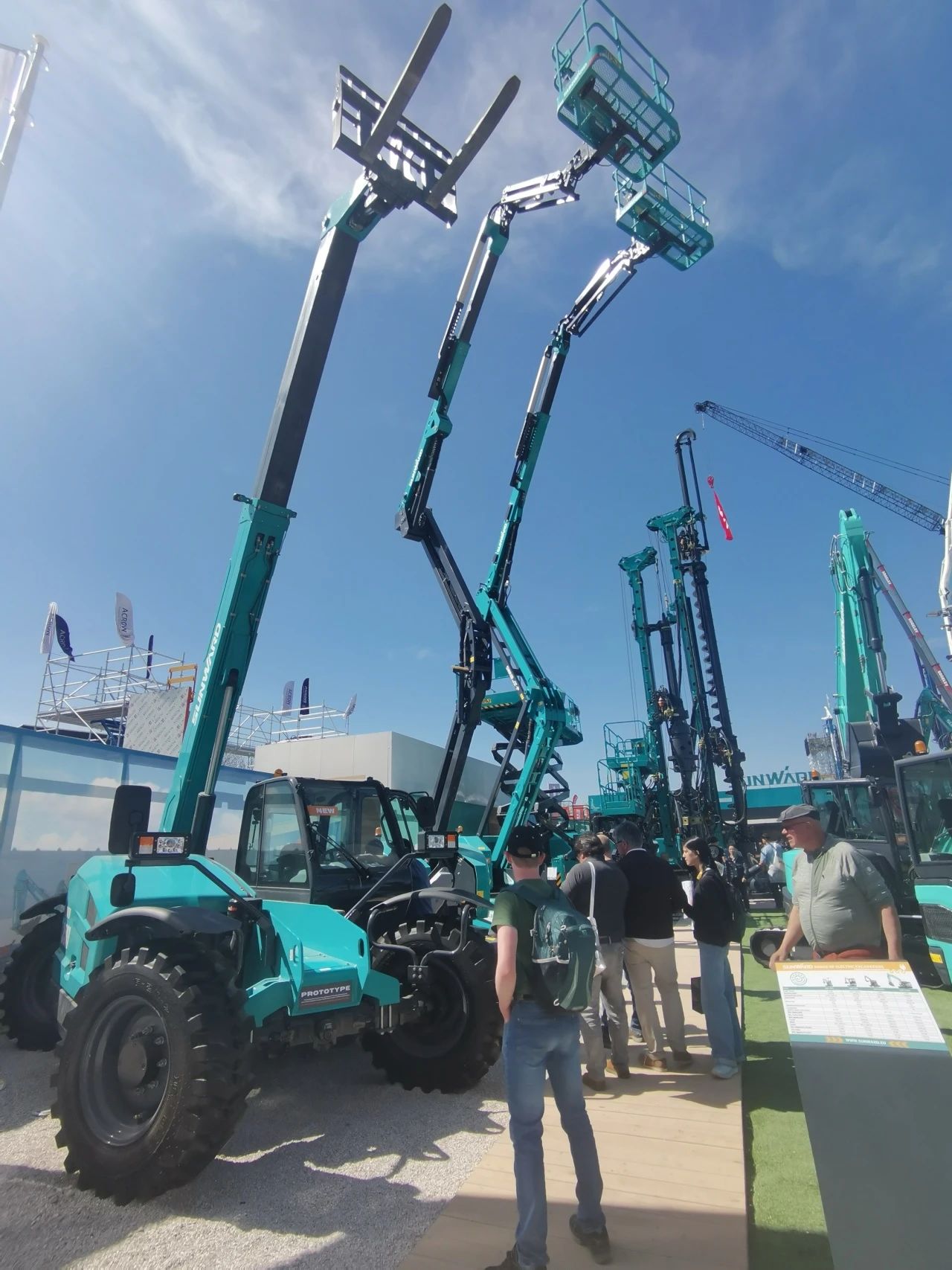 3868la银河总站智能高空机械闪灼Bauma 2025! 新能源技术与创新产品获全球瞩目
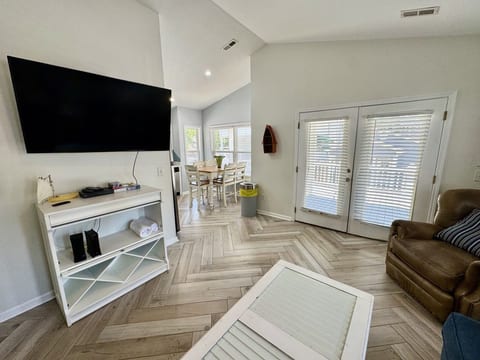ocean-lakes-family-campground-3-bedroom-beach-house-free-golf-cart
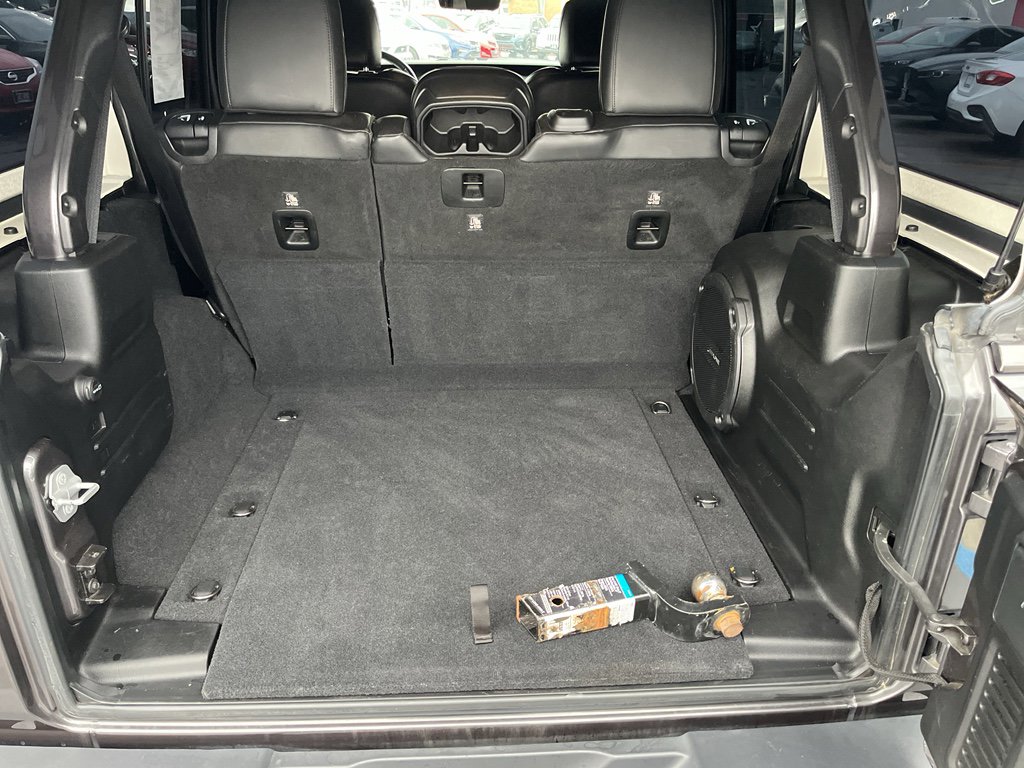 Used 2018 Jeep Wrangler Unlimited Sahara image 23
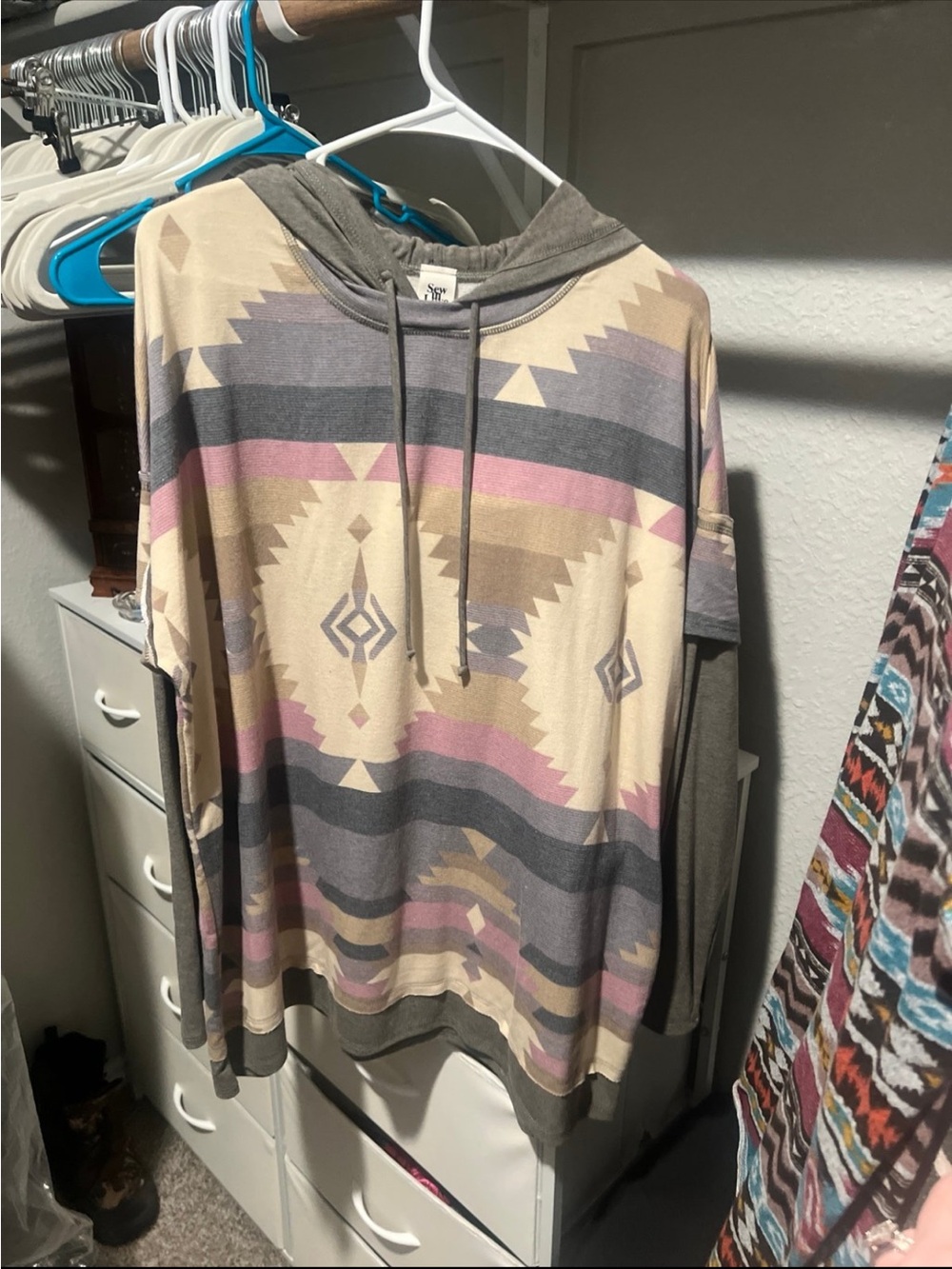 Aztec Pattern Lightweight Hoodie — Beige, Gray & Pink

> [ABOUT THIS TASK] Restate the full listing verbatim and drop every picture.

> [RESULT OF THIS EXERCISE]
 3868la银河总站智能高空机械闪灼Bauma 2025! 新能源技术与创新产品获全球瞩目
ocean-lakes-family-campground-3-bedroom-beach-house-free-golf-cart
 Used 2018 Jeep Wrangler Unlimited Sahara image 23
 Aztec Pattern Lightweight Hoodie — Beige, Gray & Pink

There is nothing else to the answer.